I can see why so many nurses leave bedside nursing these days. So much responsibility and stress falls on us....we can't please administration, we can't please the doctors, we can't please the patients....we can't even do the true job of nursing the way it should be done.

I had to call a doctor last night at 2:30 in the morning because my patient's heart rate was sustaining 140's-150's. This is not a pleasant doctor, but I had to make the call. I wake him up & he's trying to figure out who the patient is that I'm calling about. He says to me "Isn't she a DNR?" Even if she was.....we still treat the elevated heart rate. DNR does not mean do not treat. Anyways, I assure him that no...there is no order in her chart saying she is a DNR. He says "Well, make her one." What? No. I'm not taking that order considering the circumstances...I just woke him up, he isn't even sure which patient this is or what her code status is...so no, I'm not taking that order over the phone. He can write it when he comes in.............really though, out of all the forms we make patients sign while they are in the hospital - I don't understand why we don't have a mandatory code status type form - so there is no doubt whatsoever. Nope, all a doctor has to do is write DNR and it's an order. We don't truly know if the patient or their family has consented to it - we're just supposed to take the doctor's word for it. Kind of ridiculous, if you ask me.

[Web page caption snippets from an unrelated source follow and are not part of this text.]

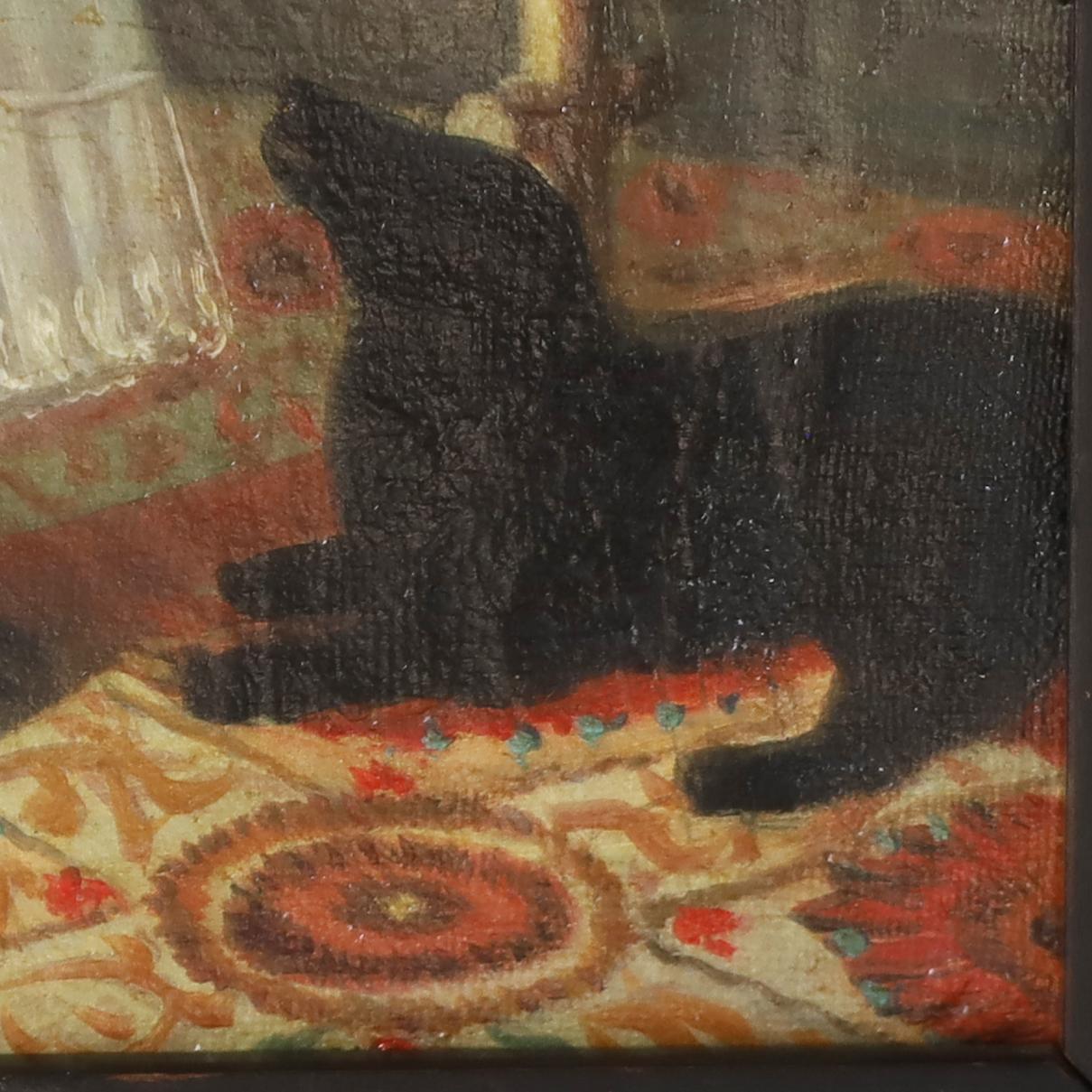 Antique Oil Painting on Canvas of a Child with a Bird and a Dog In Good Condition For Sale In Palm Beach, FL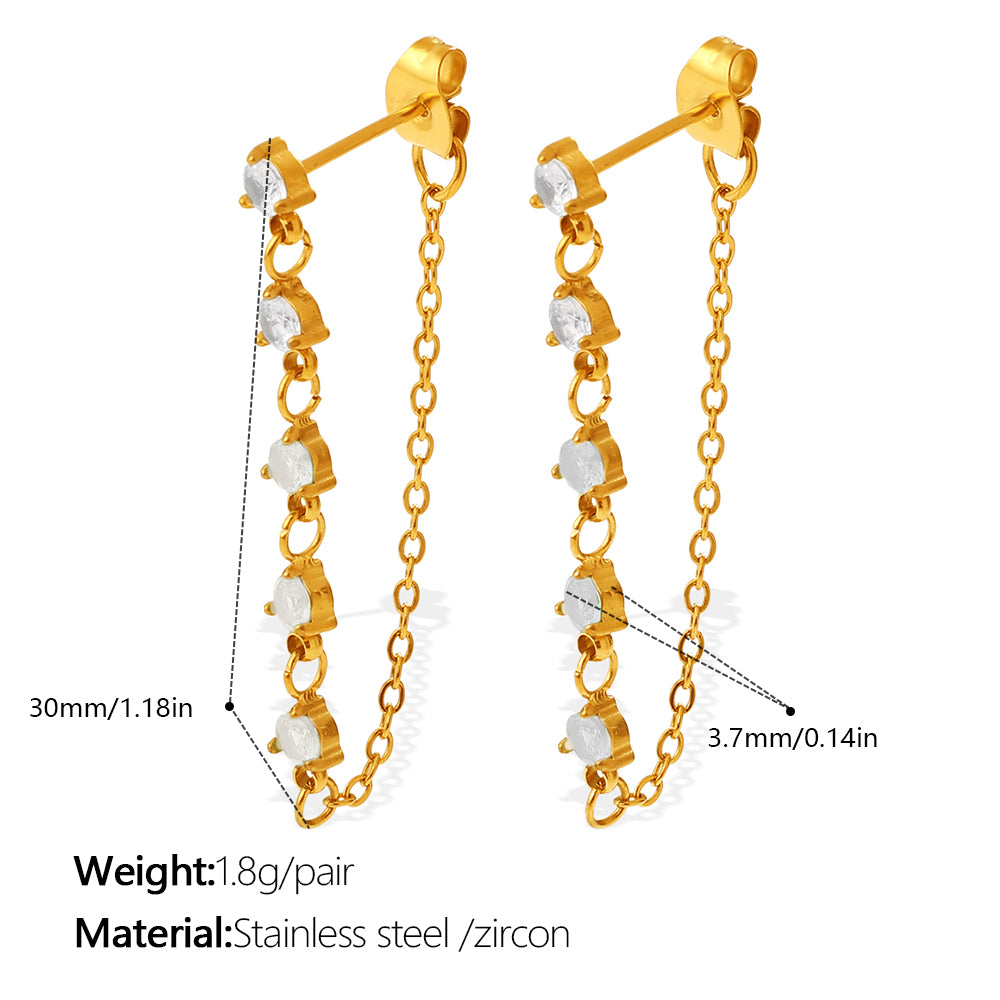 Lumière — Zircon Tassel Earrings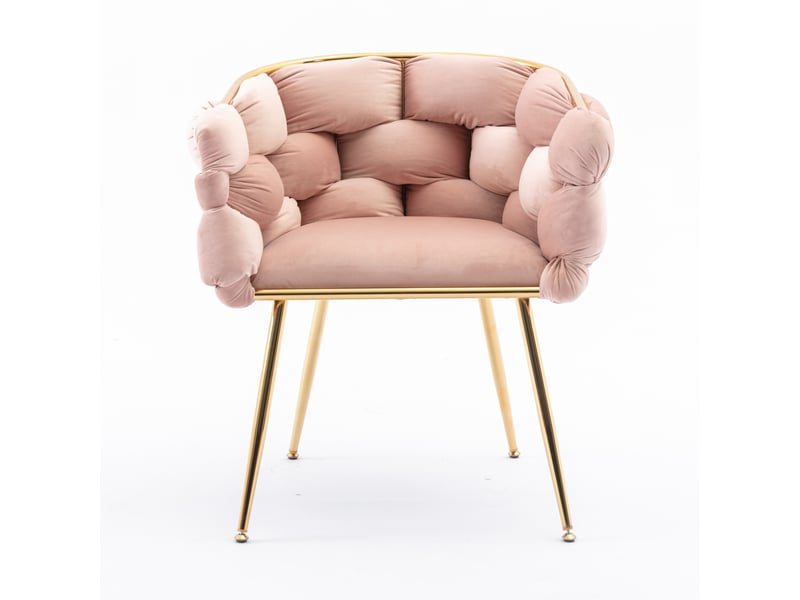  Lot de 2 fauteuils d'appoint modernes en velours rose avec structure métallique dorée  - Conforama D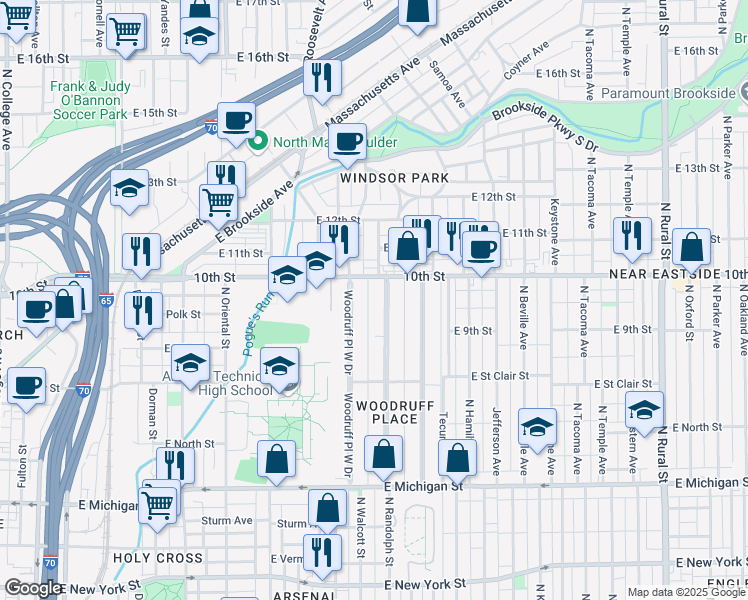 map of restaurants, bars, coffee shops, grocery stores, and more near 901 Woodruff Place Middle Drive in Indianapolis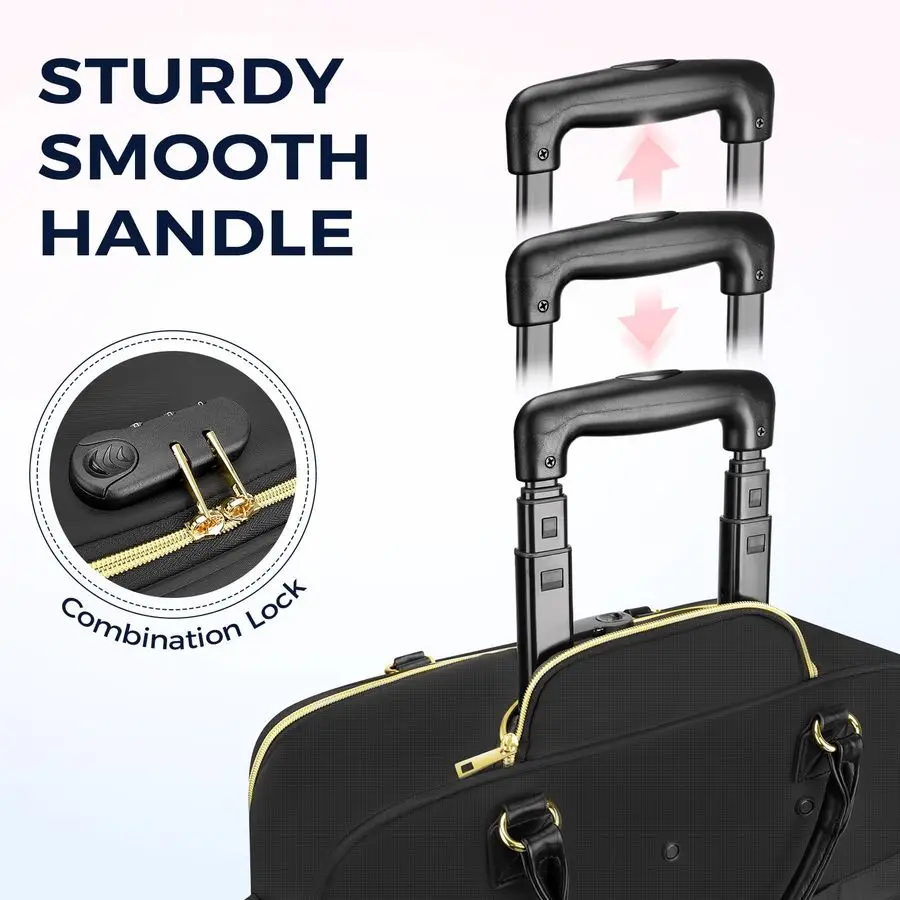 Bolsa para portátil con ruedas, maletín con ruedas para mujer con 4 ruedas giratorias, maletín de 17,3 pulgadas para mujer con cerradura y cubo de embalaje,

So, after refusing - politely of course - to take that order....he starts to order a medication to treat her heart rate. He has this accent that makes it nearly impossible for me to understand what he's saying & add into it that he's still half asleep. So I keep trying to repeat what I think he might be saying...which annoys him even more. I mean how awful of me to want to confirm the order to make sure it's correct. What's wrong with me? So half way thru that order he says forget it & starts ordering another medication. He was making me mad because he was ordering Cardizem...which is fine....but by mouth. How long will that take to kick in & lower her heart rate? A few hours? I looked it up on the drug handbook & sure enough...it said it takes 2 to 3 hours to start working. Ugh....I don't like seeing my patients heart rate tacking away at 150 for 3 hours waiting for the medicine to take effect. I don't know if the doctor was just an idiot & didn't know to order something IV or he was just going along in his mind that she was a DNR & there was no real rush to do anything to help her. So aggravating. By the time I left, her heart rate was still in the 120's.

I'm working 3 more shifts this week - need to make a little extra money for Christmas. I'm at my usual hospital - so even if things are awful - it's still ok. We don't have team nursing there, but we work together a zillion times better than this other hospital. Someone is always willing to help...most times without you even having to ask. I think it's because as staff...we get along well & it makes us want to help each other - as opposed to being forced into it.

I have a travel nurse recruiter offering me a job in West Palm Beach. There are some days I feel like I should take it....

2 comments:

Julie said...

After being a nurse for 29 years I have seen this concept come and go. I have been the LPN and the RN. People sitting in offices who could never do our jobs telling us how to do it and with how much help. It is always a disaster. Teamed with a lazy LPN or RN you get stuck trying to do good care for 14 to 16 patients. One bad clog you know. The less actual RN staff the higher the errors. It has been proven over and over. But budget rules the hospitals. And the nurse pays for it.

Now to the doc deciding the DNR. Boy is that a recipe for a law suit. It should always be up to the patient first, DPA next and then the doc and nurses following their wishes. We haven't started practicing euthenazia yet but I bet its coming. And I hope I am retired when it does.

Good luck to you.

Amanda said...

So, this is my question- If another nurse is doing the dressing changes/wound care, how is the other nurse doing a proper assessment? Doesn't that require you to remove the dressing and packing to see the wound? And who gives report? AND...whose license is in jeopardy if the patient crashes? Cause I love some of my co-workers, but I don't trust them with my license!